John Boyne's Latest Exploration: Interconnected Stories of Suffering
Young Freya stays with her distracted mother in Cornwall when she meets 14-year-old twins. "Nothing better than being aware of a secret," they inform her, "is having one of your own." In the days that come after, they sexually assault her, then inter her while living, a mix of anxiety and frustration darting across their faces as they finally free her from her improvised coffin.
This may have functioned as the disturbing main event of a novel, but it's just one of numerous terrible events in The Elements, which assembles four short novels – published separately between 2023 and 2025 – in which characters confront past trauma and try to achieve peace in the current moment.
Controversial Context and Subject Exploration
The book's release has been marred by the presence of Earth, the second novella, on the candidate list for a prominent LGBTQ+ writing prize. In August, nearly all other candidates dropped out in dissent at the author's controversial views – and this year's prize has now been called off.
Debate of trans rights is absent from The Elements, although the author explores plenty of significant issues. Homophobia, the impact of traditional and social media, caregiver abandonment and abuse are all investigated.
Four Narratives of Trauma
- In Water, a grieving woman named Willow relocates to a secluded Irish island after her husband is imprisoned for horrific crimes.
- In Earth, Evan is a athlete on trial as an accessory to rape.
- In Fire, the mature Freya juggles revenge with her work as a surgeon.
- In Air, a father journeys to a burial with his young son, and wonders how much to divulge about his family's history.
Pain is layered with trauma as damaged survivors seem doomed to bump into each other again and again for all time
Related Narratives
Connections abound. We first meet Evan as a boy trying to escape the island of Water. His trial's panel contains the Freya who reappears in Fire. Aaron, the father from Air, partners with Freya and has a child with Willow's daughter. Supporting characters from one narrative resurface in homes, taverns or legal settings in another.
These storylines may sound complicated, but the author is skilled at how to drive a narrative – his prior popular Holocaust drama has sold millions, and he has been translated into numerous languages. His businesslike prose shines with gripping hooks: "in the end, a doctor in the burns unit should know better than to play with fire"; "the first thing I do when I reach the island is change my name".
Character Development and Storytelling Power
Characters are sketched in succinct, powerful lines: the caring Nigerian priest, the troubled pub landlord, the daughter at war with her mother. Some scenes resonate with melancholy power or insightful humour: a boy is punched by his father after wetting himself at a football match; a narrow-minded island mother and her Dublin-raised neighbour swap jabs over cups of diluted tea.

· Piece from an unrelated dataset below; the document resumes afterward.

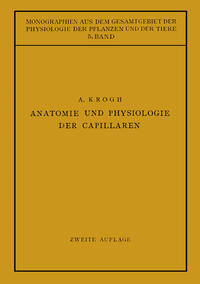 Anatomie und Physiologie der Capillaren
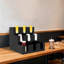 Organisateur de tasses de comptoir jetable pour la station de café, porte-gobelet avec 9 compartiments-1081823212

The author's talent of bringing you fully into each narrative gives the reappearance of a character or plot strand from an previous story a real frisson, for the initial several times at least. Yet the aggregate effect of it all is numbing, and at times almost comic: pain is piled on suffering, chance on accident in a dark farce in which hurt survivors seem fated to encounter each other repeatedly for eternity.
Thematic Depth and Concluding Assessment
If this sounds less like life and resembling purgatory, that is aspect of the author's message. These damaged people are oppressed by the crimes they have experienced, trapped in routines of thought and behavior that churn and descend and may in turn hurt others. The author has spoken about the impact of his personal experiences of mistreatment and he describes with understanding the way his cast navigate this perilous landscape, extending for remedies – solitude, icy sea dips, forgiveness or refreshing honesty – that might let light in.
The book's "fundamental" structure isn't particularly informative, while the brisk pace means the discussion of sexual politics or digital platforms is mainly superficial. But while The Elements is a flawed work, it's also a completely engaging, survivor-centered epic: a appreciated riposte to the usual preoccupation on detectives and criminals. The author demonstrates how pain can affect lives and generations, and how time and tenderness can soften its reverberations.